What you have to do >> Return all of the entries below, word for word. Omit each picture.

Task input >>
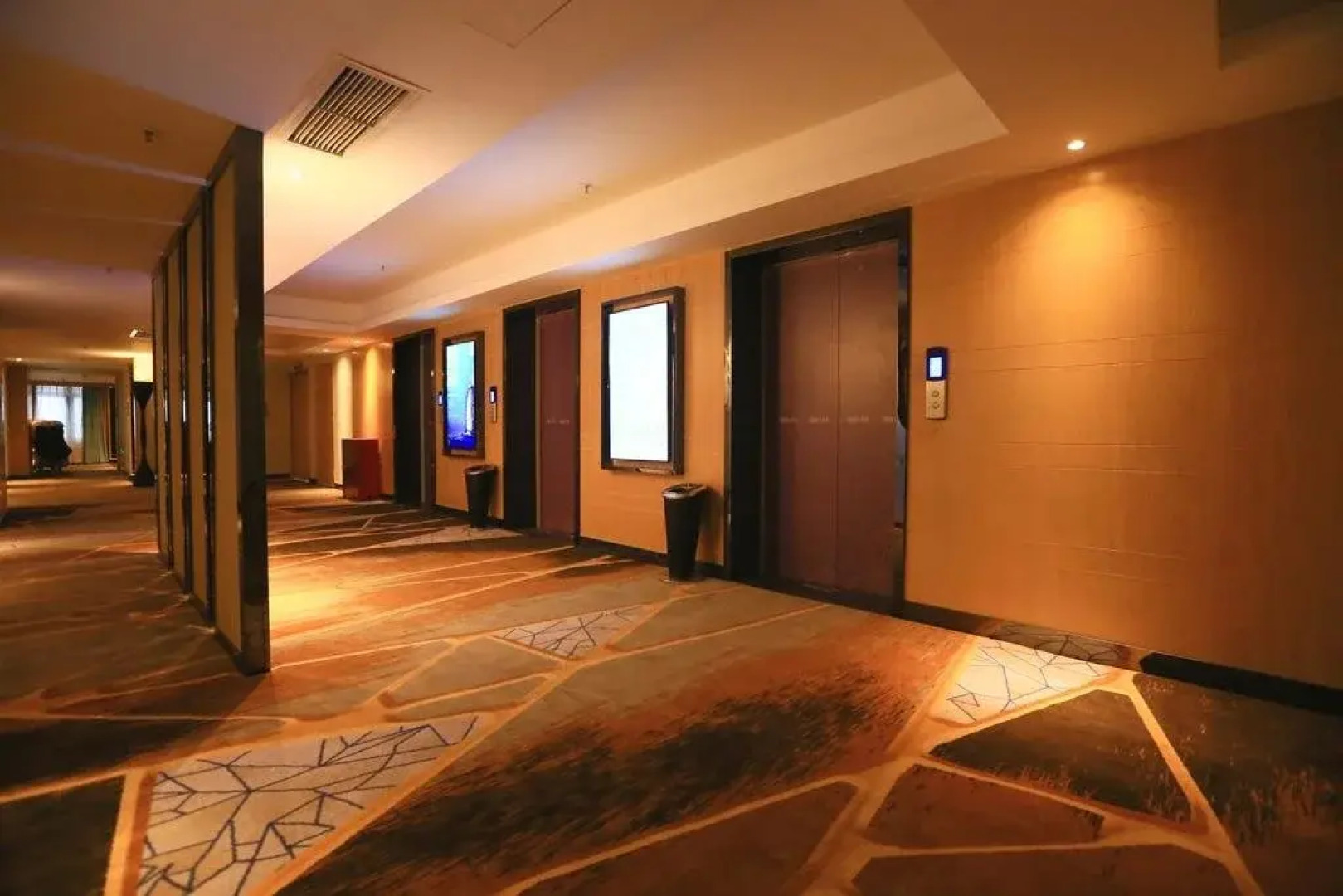 Chongqing Dongmo Hotel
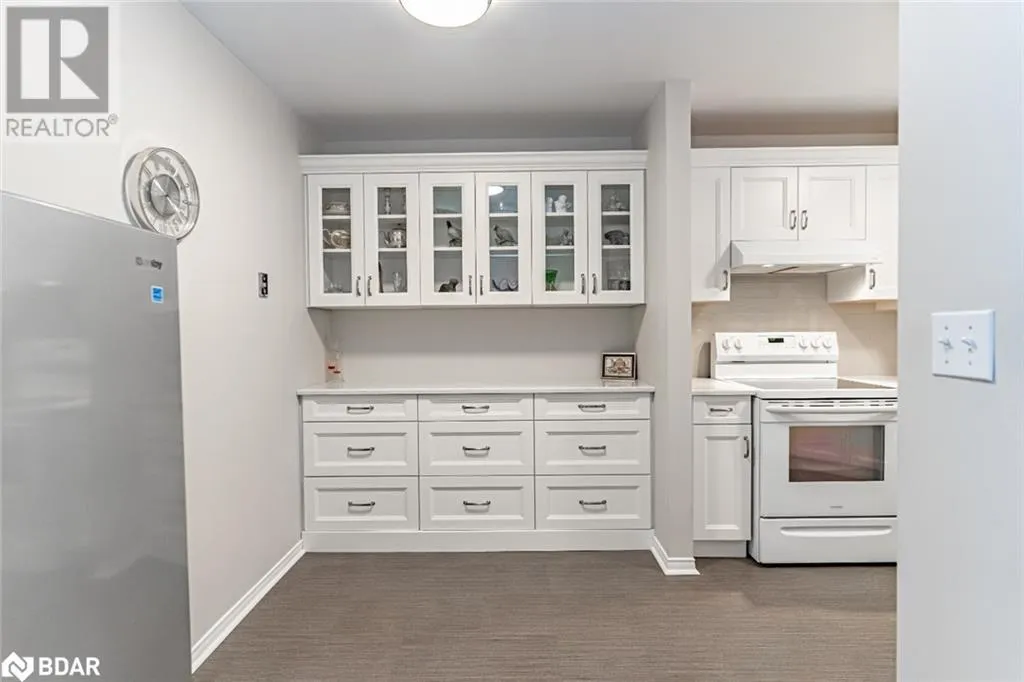 40 MUSEUM Drive Unit# 402, #402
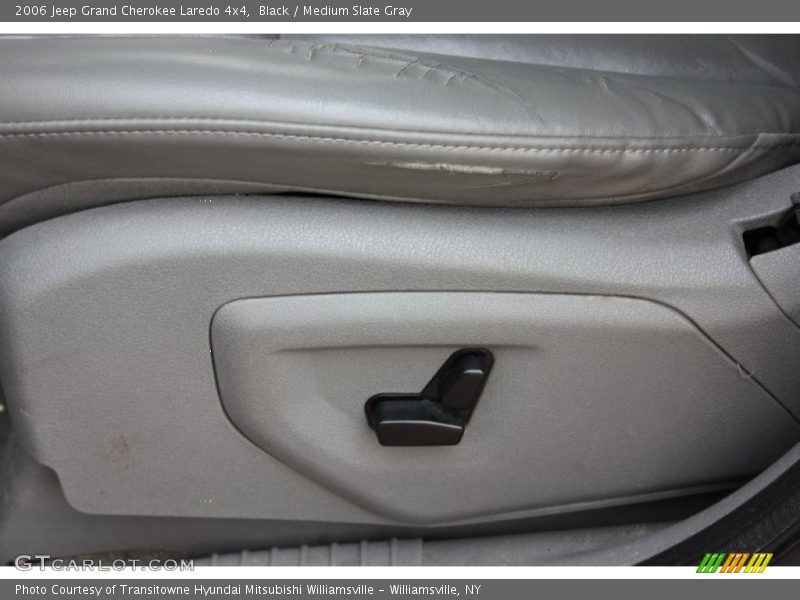 Black / Medium Slate Gray 2006 Jeep Grand Cherokee Laredo 4x4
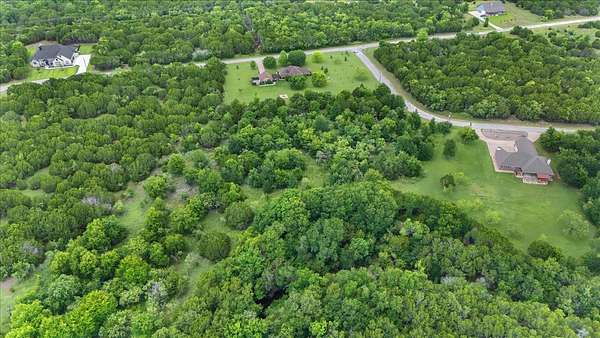 1.27 Acres of Residential Land for Sale in Whitney, Texas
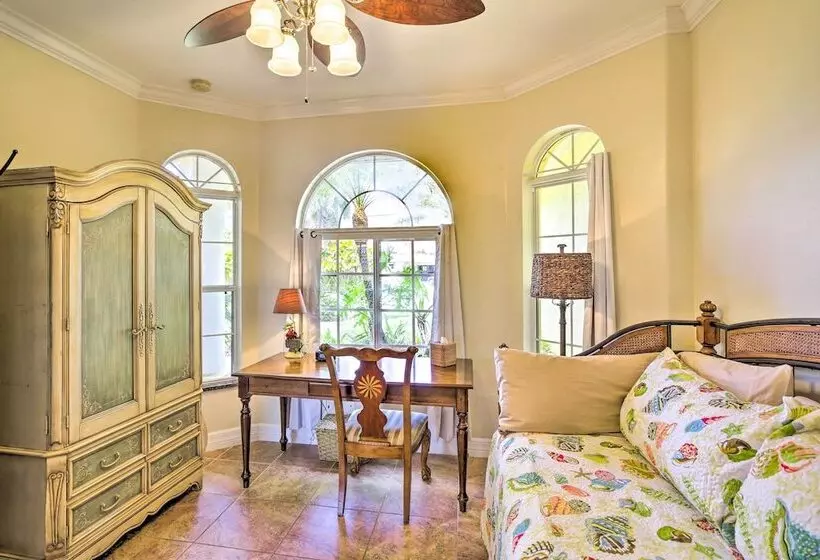 Waterfront Pool & Spa: Relaxing Cape Coral Retreat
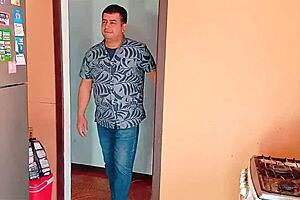 older guy can't resist pounding horny young babe in kitchen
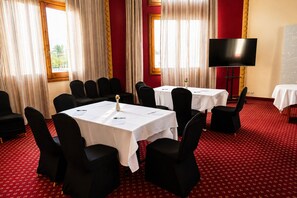 A conference room with tables, chairs, and a television screen. - Safir Dahab Resort (Dahab)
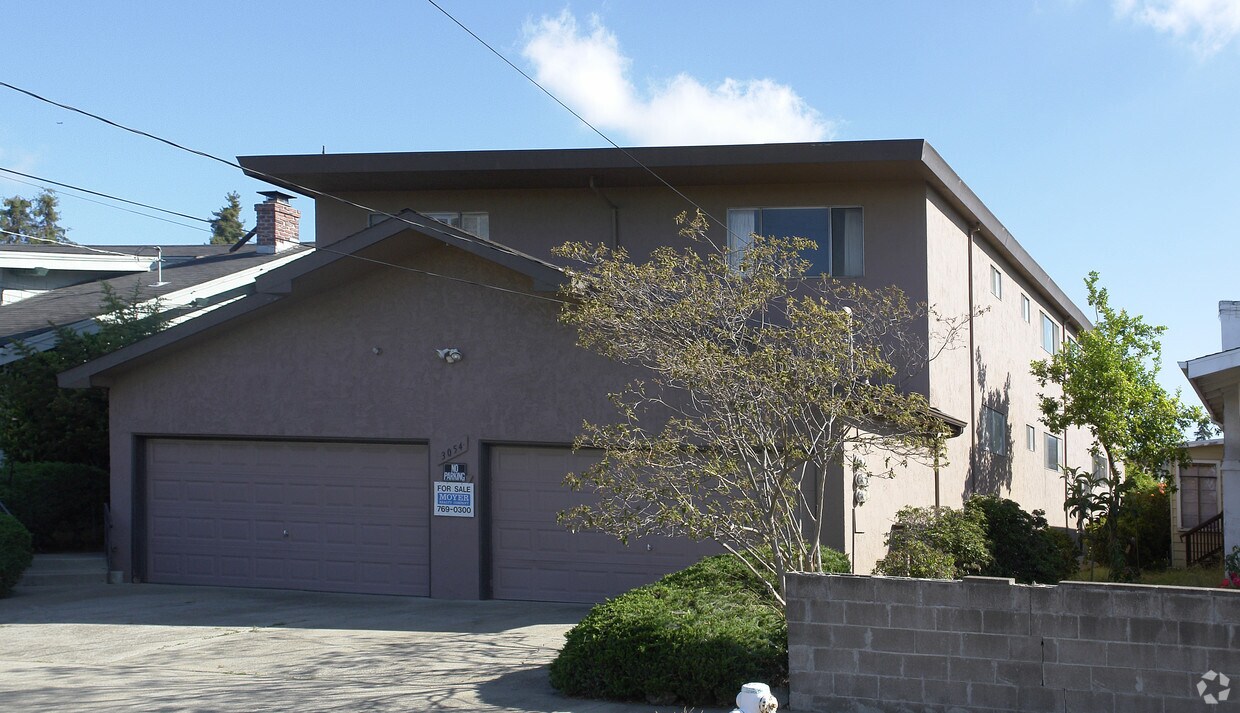 Building Photo - 3054 Bona St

Solution to this task >>
 Chongqing Dongmo Hotel
 40 MUSEUM Drive Unit# 402, #402
 Black / Medium Slate Gray 2006 Jeep Grand Cherokee Laredo 4x4
 1.27 Acres of Residential Land for Sale in Whitney, Texas
 Waterfront Pool & Spa: Relaxing Cape Coral Retreat
 older guy can't resist pounding horny young babe in kitchen
 A conference room with tables, chairs, and a television screen. - Safir Dahab Resort (Dahab)
 Building Photo - 3054 Bona St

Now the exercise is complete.